[Dataset records]

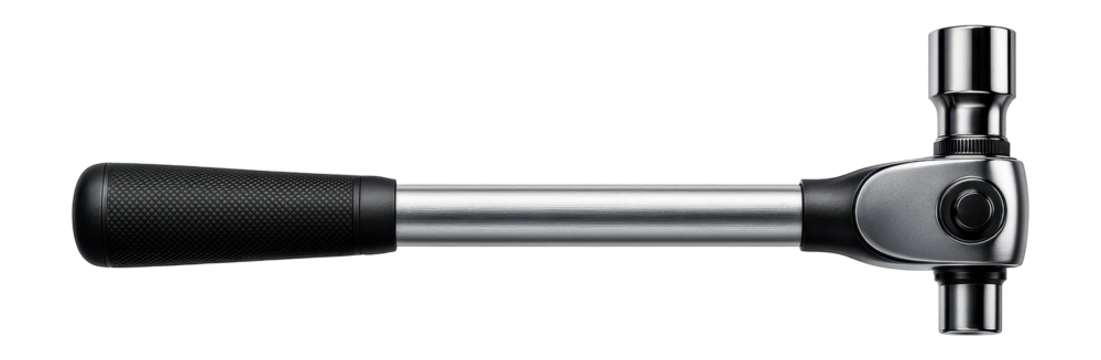 Ratchet-style lug wrench with an adjustable socket head, designed for quick wheel changes on the go.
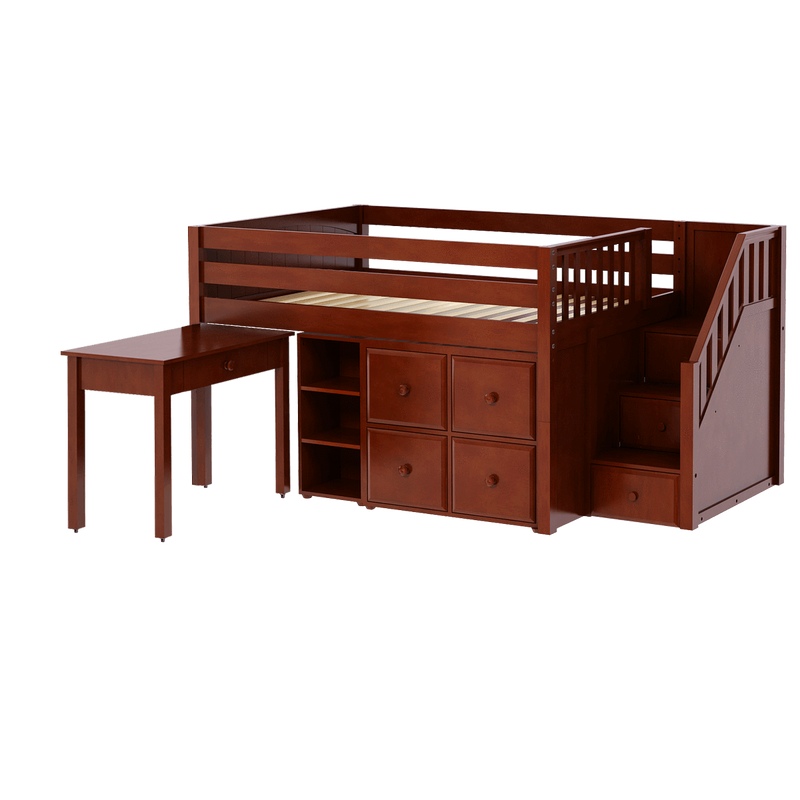 Maxtrix Full Low Loft Bed with Stairs, Storage + Desk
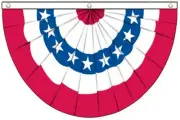 Stars & Stripes USA Style Pleat-Effect Bunting Flag 5'x3' - LAST FEW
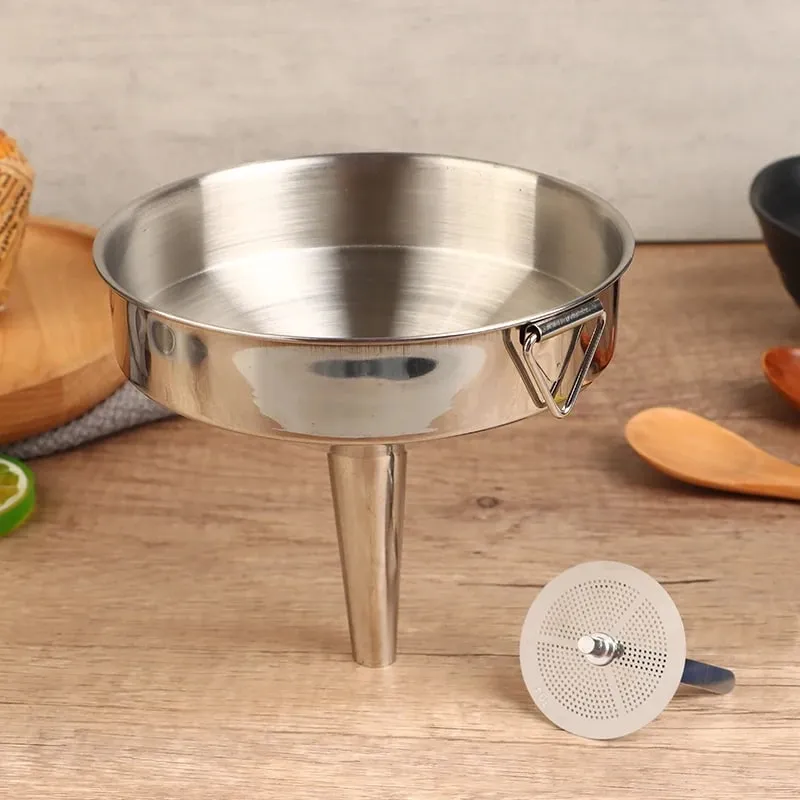 10cm 12cmn 14cm 304 Stainless Steel Funnel Kitchen Household Oil Wine Liquid Dispenser with Removable Strainer Mesh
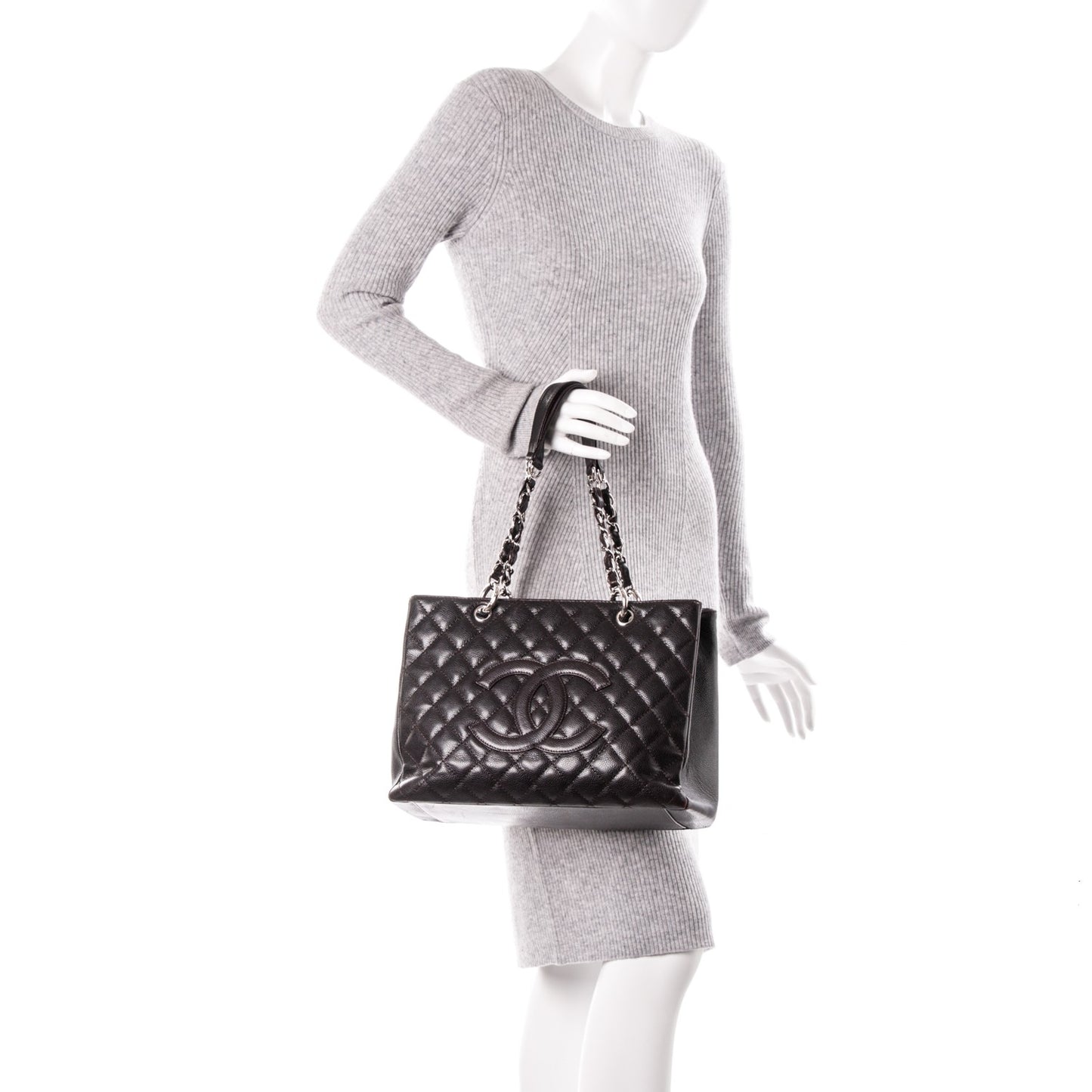 Caviar Quilted Grand Shopping Tote GST Dark Brown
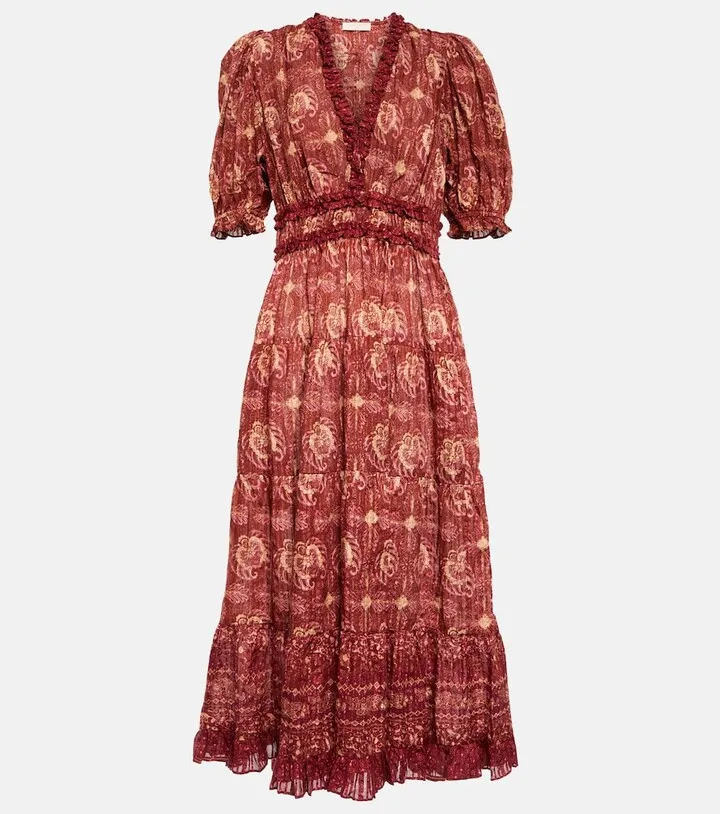Elli printed cotton midi dress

What you have to do =>
Your task is to reproduce exactly the lines running from the line that contains "10cm 12cmn 14cm" to the end of the records, pictures excluded.

Answer area =>
 10cm 12cmn 14cm 304 Stainless Steel Funnel Kitchen Household Oil Wine Liquid Dispenser with Removable Strainer Mesh
 Caviar Quilted Grand Shopping Tote GST Dark Brown
Elli printed cotton midi dress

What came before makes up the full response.